Como evitar este clichê na minha primeira experiência na neve?

   E quando voltamos pra casa, recebemos a notícia de que o Cable Car tinha parado de funcionar e não poderíamos descer naquele mesmo dia. Por mim, tudo bem, eu já até tinha esquecido que tinha que descer, eu já até tinha aceitado o convite pra passar a noite. Mas pra minha nova companheira, estava faltando aquele empurrãozinho do destino. Ficamos. Comemos. Bebemos vinho e rimos muito com nossos novos amigos. Na manhã seguinte, um sábado lindo, o sol derretia a neve mas o chão ainda estava branquiiiiinho!!! Lindo, lindo, lindo!



   Subimos de novo pra contemplar os Alpes e a vista do Lago Bohinj, que com seus 12km de circunferência, é resultado do derretimento do gelo que cobria toda aquela paisagen alpina em priscas eras. Ora, se isso não serve prum ser humano ser eternamente grato à vida por toda a existência, se não serve pra nos depararmos com a nossa insignificância (no bom sentido, no sentido de quebrar a nossa arrogância e prepotência de seres superoderosos e donos do mundo, de sermos mais gratos à Mama Gaia por nos acolher no seu seio)!!!

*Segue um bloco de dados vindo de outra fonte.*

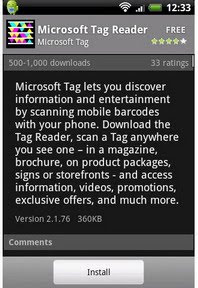 Microsoft Tag Reader: Made for Google's Android Platform Microsoft Tag Reader: Made for Google's Android Platform Image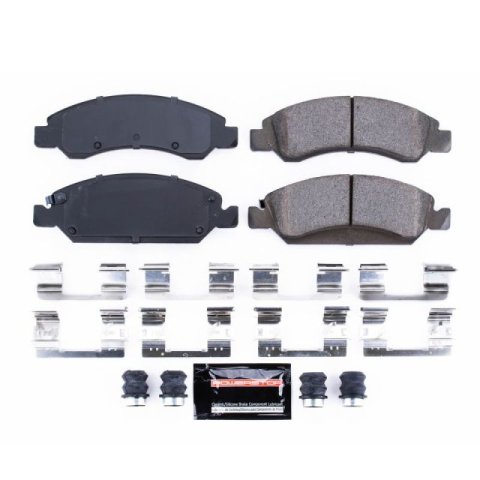 Power Stop 08-14 GMC Yukon XL 1500 Front Z23 Coated Kit w/Calipers (1x psbZ23-1363, 2x psbL4919A, 2x psbAR8654EVC)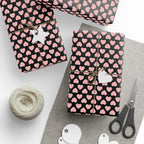 Valentine’s Day Swirled Hearts Wrapping Paper | Holiday Gift Wrapping Paper Roll
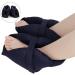Adjustable Soft Heel Boot Pillow Cushion - Breathable Protector for Pressure Relief & Comfort - Buy Online on GoSupps.com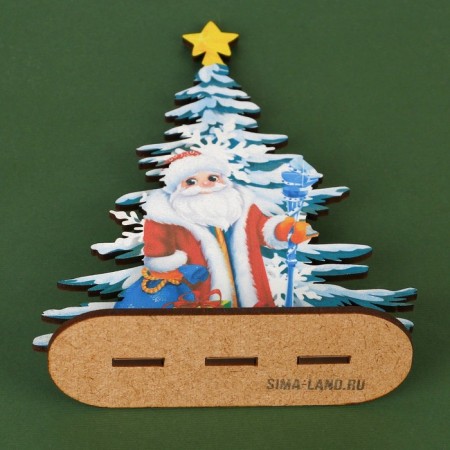 New Year's desktop decor "Santa Claus" 12 x 4.3 x 15.5 cm-4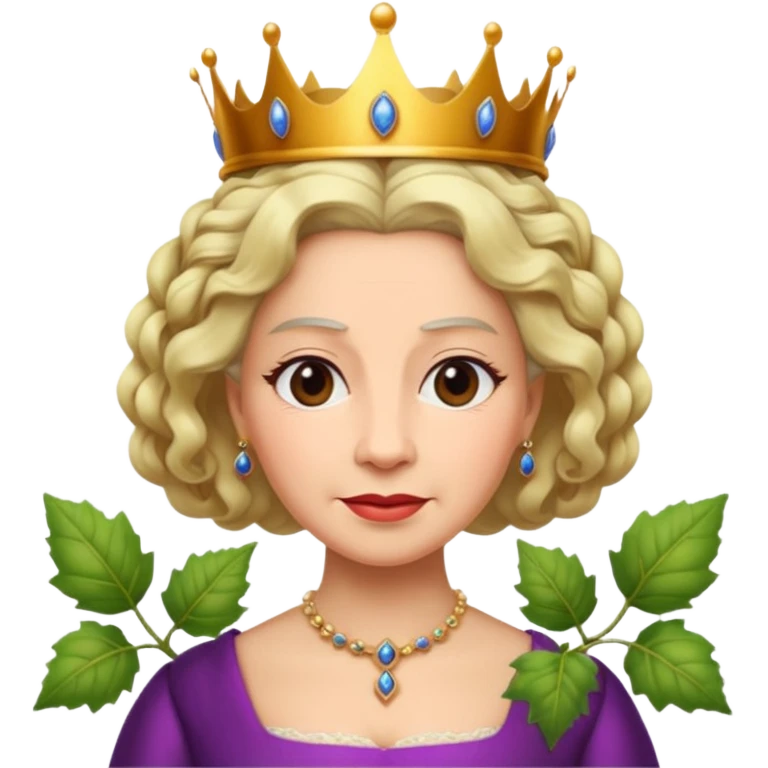 The queen with vine-like hair emoji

   Coincidentemente e não por acaso, fiz duas fotos exatamente no mesmo lugar, uma antes e uma depois da neve.

Sexta à tarde

Sábado de manhã

   Naquelas montanhas geladas, entre o frio da neve e o calor da calefação e daqueles corações (pode ser clichê mas é fato), nossas conversas nos ajudaram a abrir corações, desaguar emoções, aprender sobre nós, questionar sentidos de vida. Naquelas poucas horas, crescemos ali, juntos, naquela partilha mágica que nenhum de nós haverá de esquecer. Um presente completo da vida! Pra sempre.
    E Mercedes Sossa vem mais uma vez cantar ao meu ouvido: “Gracias a la vida que ma ha dado tanto...” Ganhei neve, ganhei amigos, ganhei ainda mais amor pela vida. Gracias, gracias, gracias!

   Fechando a aventura, na hora de voltarmos pra Bled, eu agradeço à minha parceira por esta aventura:
- Obrigada pela presença, pela parceria. Obrigada por estar aberta.
E ouço como resposta:
- Obrigada por me ajudar a me abrir.
... Sem mais.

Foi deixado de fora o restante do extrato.